"I know whom it reminds me of," replied Mrs. Slater; "but how it ever got here is what puzzles me."

"I thought you would recognize it," said Miss Ludington, with a pleased smile. "I suppose you think it odd you should never have seen it, considering whom it is of?"

"I do, certainly," replied Mrs. Slater.

"You see," explained Miss Ludington, "I did not have it painted till after I left Hilton. You remember that little ivory portrait of myself at seventeen, which I thought so much of after I lost my looks? Well, this portrait I had enlarged from that. I have always believed that it was very like, but you don't know what a reassurance it is to me to have you recognize it so instantly."

At the tea-table Paul appeared, and was introduced to Mrs. Slater, who regarded him with considerable interest. Miss Ludington had informed her that he was her cousin and heir, and had told her something of his romantic devotion to the Ida of the picture. Paul, who from Miss Ludington had learned all there was to be known about the persons and places of old Hilton, entered with much interest into the conversation of the ladies on the subject, and after tea accompanied them in their stroll through that part of the village which they had not inspected before.

When they returned to the house it was quite dark, and they had lights in the sitting-room, and refreshments were served. Mrs. Slater's eyes were frequently drawn toward the picture over the fireplace, and some reference of hers to the immortelles in which it was framed, turned the conversation upon the subject that Miss Ludington and she had been discussing in the school-house.

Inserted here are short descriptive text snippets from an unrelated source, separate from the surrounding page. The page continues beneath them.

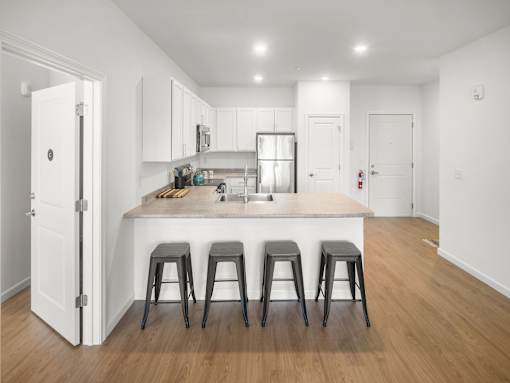 A kitchen with white cabinets and a white door.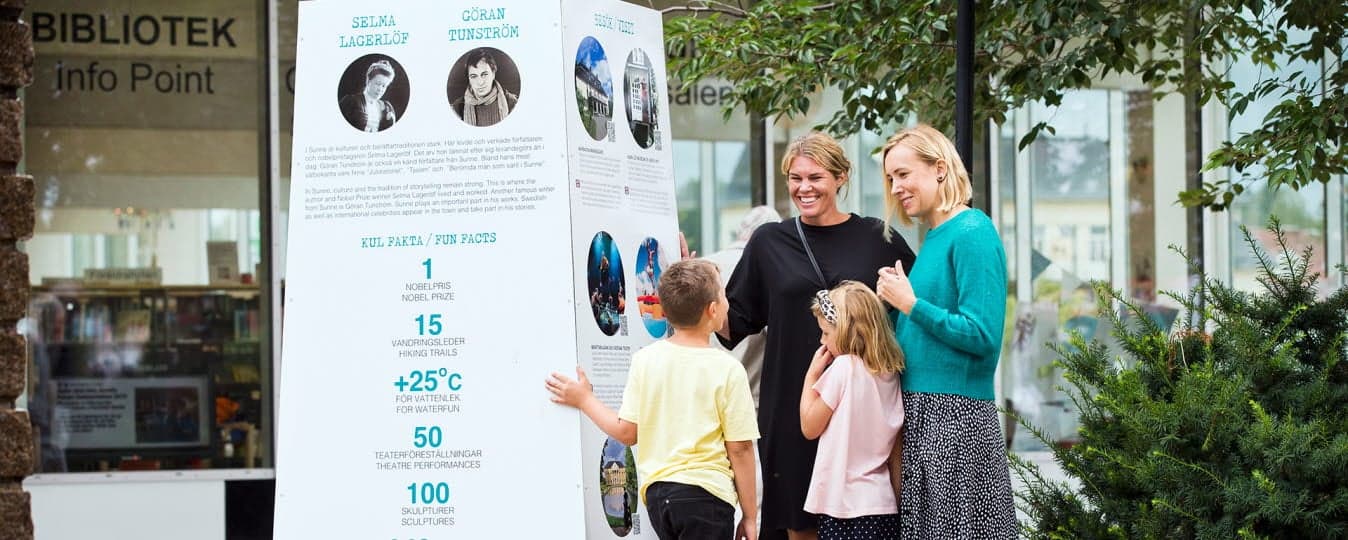 Bild på en familj vid turistinformationen utanför Sunne bibliotek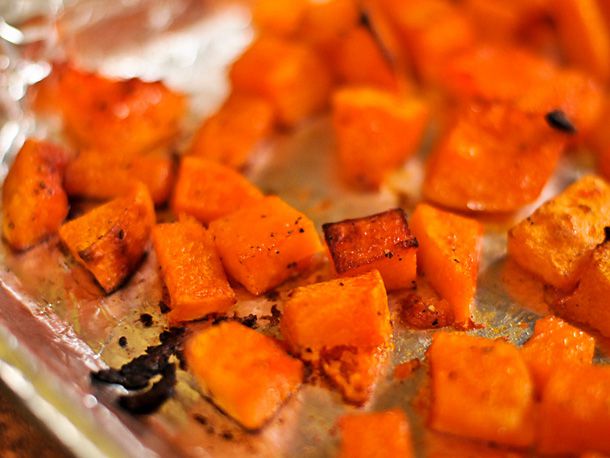 Butternut squash cubes roasting in a aluminium-foiled baking pan. 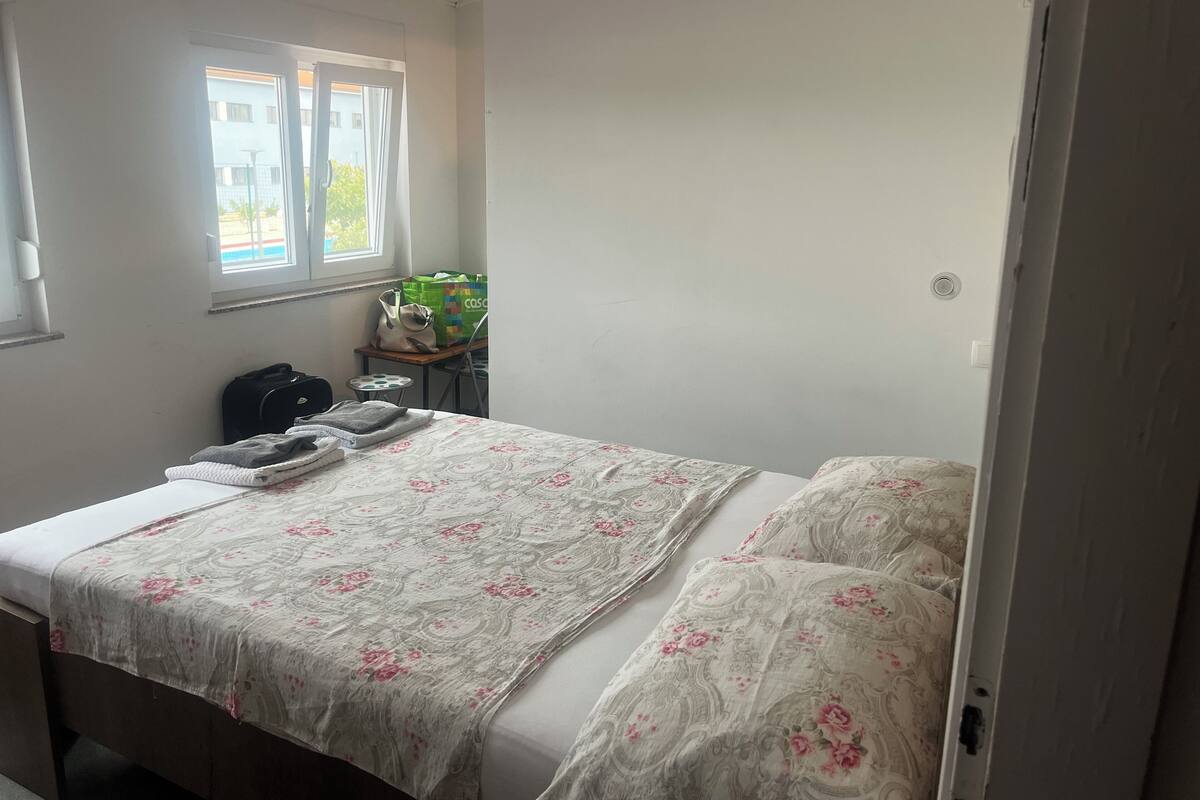 A neatly made bed with floral bedding, a small table with a laptop and bags, and a window with a view of buildings.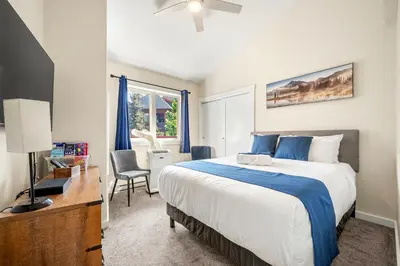 a bedroom with a bed and a desk and a window at Sleeps 8 Loft with Pool Hot Tub Near Banff in Canmore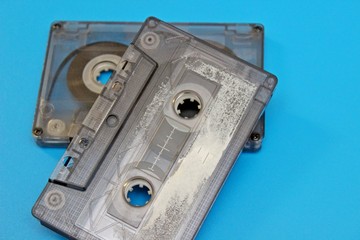 Old audio cassettes are located on a blue background
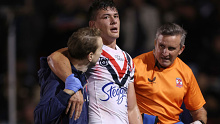 Roosters half Joseph Manu is assisted off the field after an ankle injury.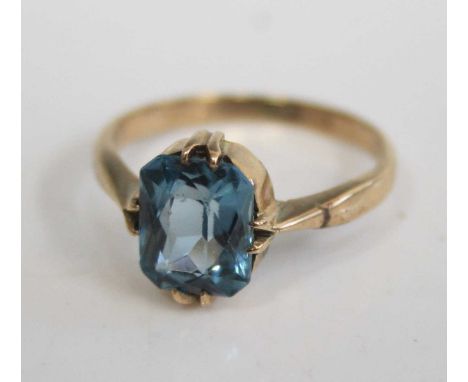 A 9ct gold blue topaz dress ring, the oval cut topaz measuring approx 9 x 6mm, 1.8g, size J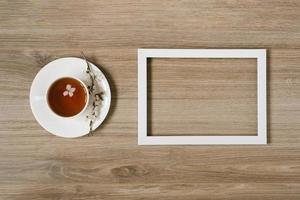 una taza blanca con té negro y una ramita de flor de manzana y un marco blanco sobre un fondo de madera. mocap y hasta prostranstva foto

Mrs. Slater, whose conversation showed her to be a woman of no great culture, but unusual force of character and intelligence, expressed herself as interested in the idea of the immortality of past selves, but decidedly sceptical. Paul grew eloquent in maintaining its truth and reasonableness, and, indeed, that it was the only intelligible theory of immortality that was possible. The idea that the same soul successively animated infancy, childhood, youth, manhood, and maturity, was, he argued, but a modification of the curious East Indian dream of metempsychosis, according to which every soul is supposed to inhabit in turn innumerable bodies.

"You almost persuade me," said Mrs. Slater, at last. "But I never heard of the spirit of anybody's past self appearing to them. If there are such spirits, why have they never manifested themselves? Nobody every heard of the spirit of one's past self appearing at a spiritualist séance, for instance."

"There is one evidence among others," replied Paul. "that spiritualism is a fraud. The mediums merely follow the vulgar superstition in the kind of spirits that they claim to produce."

"Very likely you are right," said Mrs. Slater. "In fact, I presume you are quite right. And yet, if I really believed as you do, do you know what I would do? I would go to some of the spirit mediums over in New York, of whom the papers are giving such wonderful accounts, and let them try to materialize for me the spirit of my youth. Probably they couldn't do it, but possibly they might; and a mighty little sight, Mr. De Riemer, is more convincing than all the belief in the world. If I could see the spirit of my youth face to face, I should believe that it had a separate existence from my own. Otherwise, I don't believe I ever could."